Jul 2013 | No Comment


Indian navigation satellite set to fly on July 1

Indian Space Research Organisation replaced a faulty component in the PSLV-C22 rocket and rescheduled the flight of the IRNSS-1A satellite, India’s first regional navigation satellite, on it for 11:43 p.m. on July 1, according to an informed ISRO official. It forms the country’s new and third category of multiuse spacecraft-navigation along with the older communication and remote-sensing (or earth observation) satellites. It will offer motion and location information over the sub-continent just as the popular U.S. Global Positioning System, or GPS, has done across the world for several years.
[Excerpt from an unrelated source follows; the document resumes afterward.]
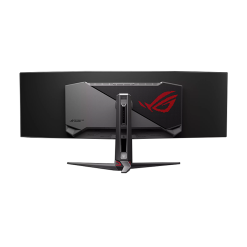 Màn hình Asus ROG Swift OLED PG49WCD Ultra-Wide 49″ 144Hz QD-OLED - Ảnh 2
ISRO says data from the indigenous system will be superior to information coming from GPS.

Shanghai to invest in satellite navigation system

Shanghai will invest 190 million yuan (US$30.65 million) to build infrastructure for China’s homegrown Beidou Navigation Satellite System that can be used for everything from monitoring vehicles transporting hazardous materials to locating people. The city government said that in the next 18 months it will create the infrastructure needed to track 50,000 objects or people.

Beidou began providing services such as positioning, navigation, timing and short messages for China and surrounding areas to users in the Asia-Pacific region last December, said Ran Chengqi, director of the China Satellite Navigation Office.

Russia set to launch four satellites

Russia has plans to launch four more GLONASS satellites by this year-end, the Aerospace Defence Forces head said. “Three GLONASS satellites are scheduled to be launched on board of a Proton carrier rocket in July from the Baikonur space centre and another one is planned to be launched in December from the Plesetsk space centre,” Maj. Gen. Alexander Golovko said.

Russian vice prime ministers get new roles

Russian Vice Prime Minister Dmitry Rogozin, responsible for national defense, will now work on military cooperation with other countries and the development of the GLONASS navigation system.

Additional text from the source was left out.